[Exercise] Dropping every picture, set down exactly the lines in the entries below, starting with the line with "2011 Greenwood Road, Allentown" and going on through the line with "디럭스 룸, Ganpati Palace Shirdi Newly Renovated".

[Data for review]
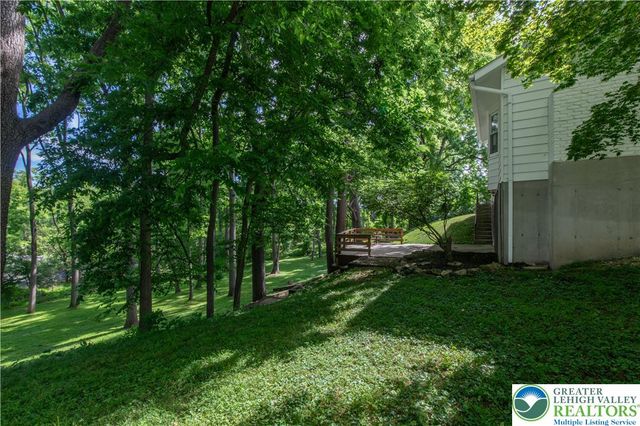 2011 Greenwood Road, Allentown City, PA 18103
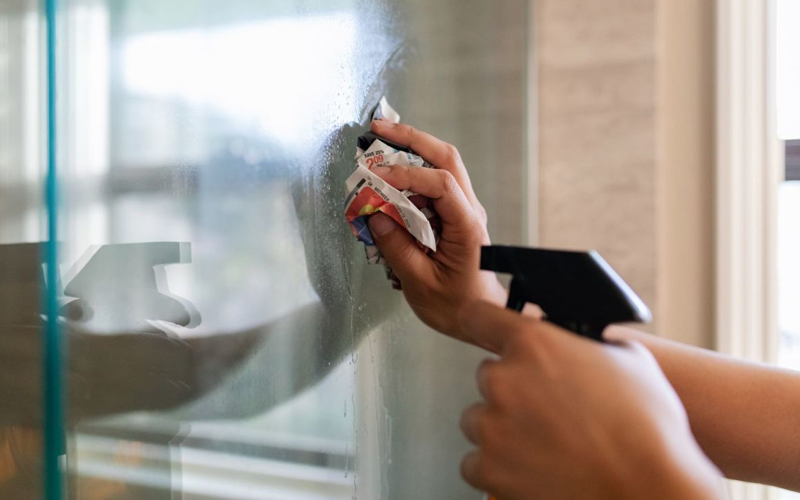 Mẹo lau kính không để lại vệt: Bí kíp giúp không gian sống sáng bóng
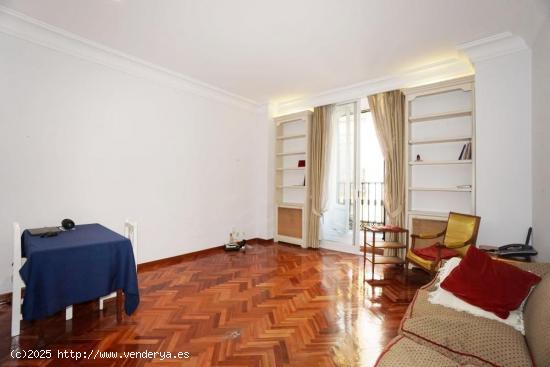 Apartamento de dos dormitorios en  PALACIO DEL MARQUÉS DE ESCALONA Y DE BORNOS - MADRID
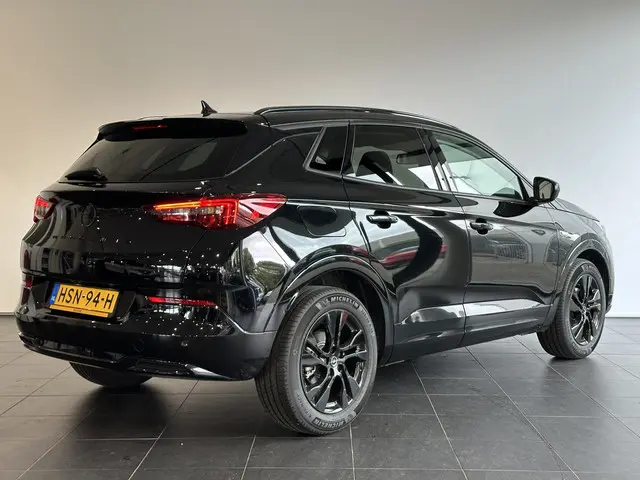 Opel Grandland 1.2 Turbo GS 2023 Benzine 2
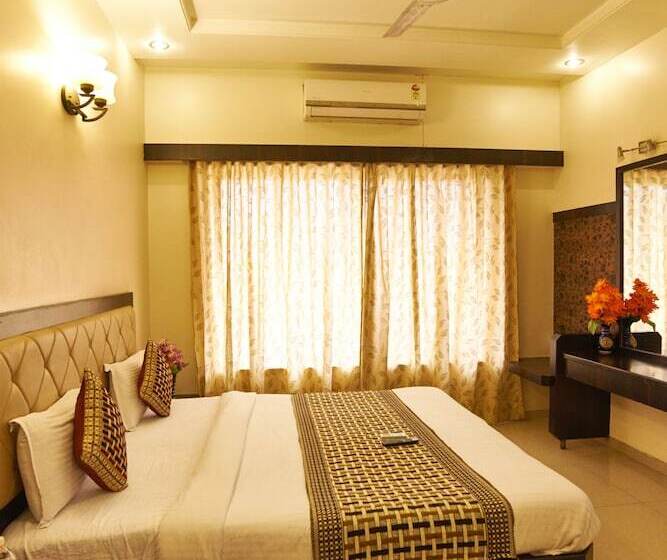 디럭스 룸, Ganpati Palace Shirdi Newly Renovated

---

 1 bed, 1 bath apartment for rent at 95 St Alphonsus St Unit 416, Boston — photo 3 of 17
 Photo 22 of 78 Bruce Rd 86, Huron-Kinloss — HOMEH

---

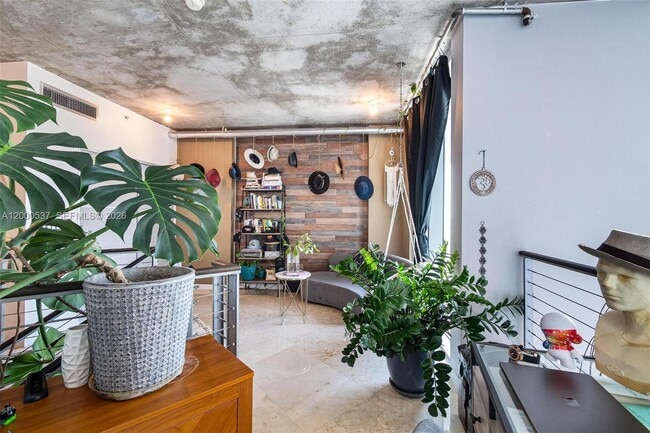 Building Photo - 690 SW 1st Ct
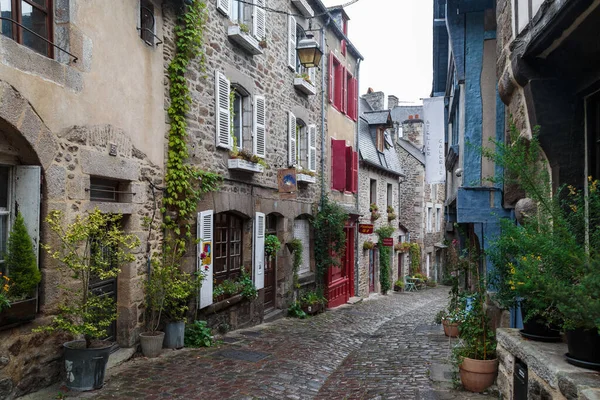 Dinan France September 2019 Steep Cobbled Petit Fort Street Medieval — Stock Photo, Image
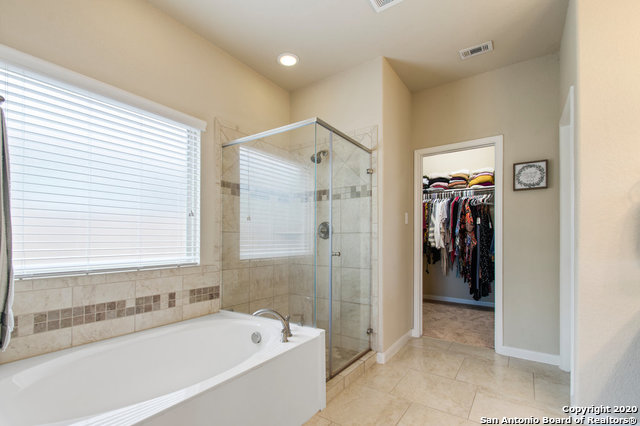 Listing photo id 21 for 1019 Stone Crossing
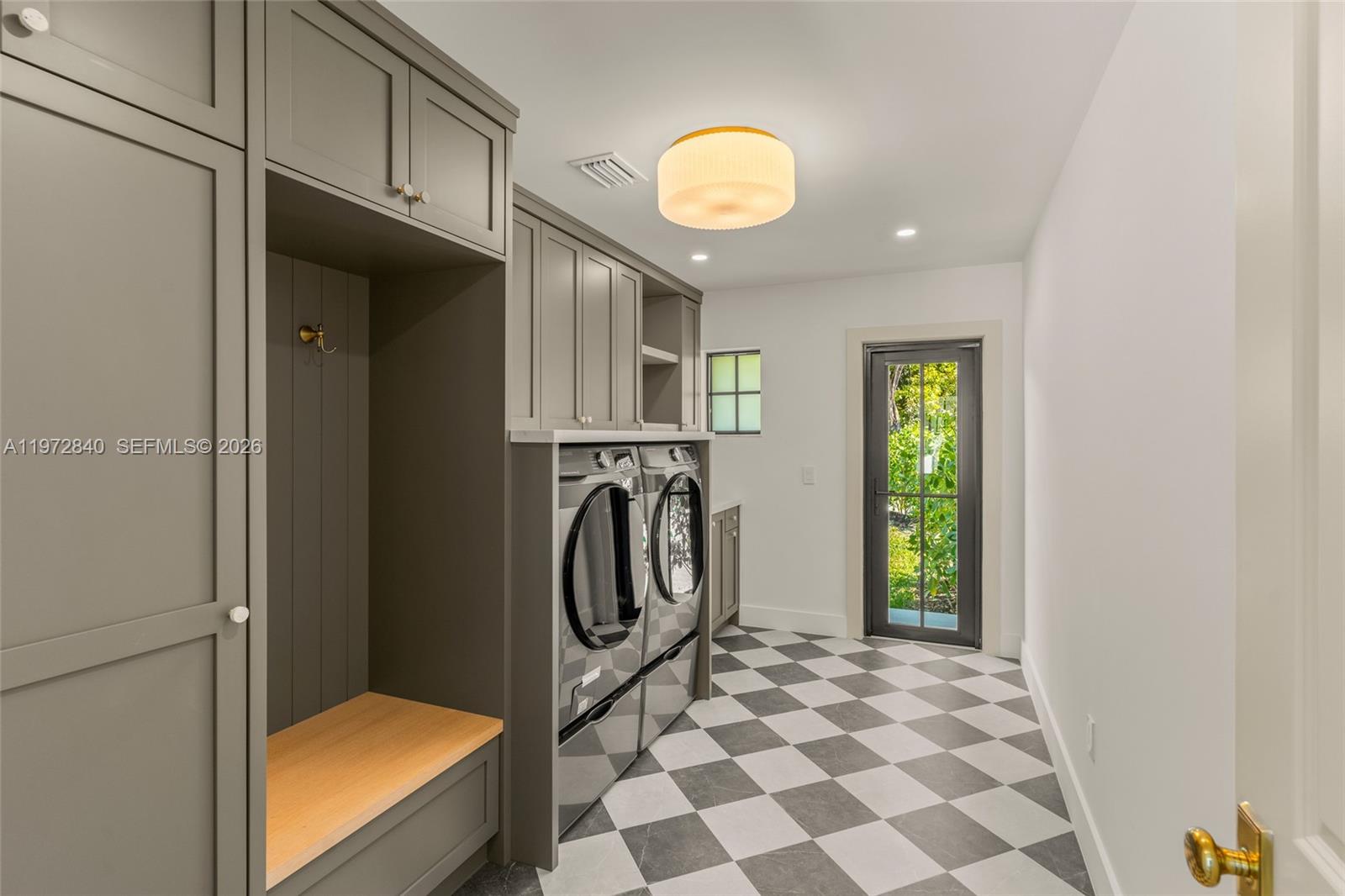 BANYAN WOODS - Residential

[Task output]
 2011 Greenwood Road, Allentown City, PA 18103
 Mẹo lau kính không để lại vệt: Bí kíp giúp không gian sống sáng bóng
 Apartamento de dos dormitorios en  PALACIO DEL MARQUÉS DE ESCALONA Y DE BORNOS - MADRID
 Opel Grandland 1.2 Turbo GS 2023 Benzine 2
 디럭스 룸, Ganpati Palace Shirdi Newly Renovated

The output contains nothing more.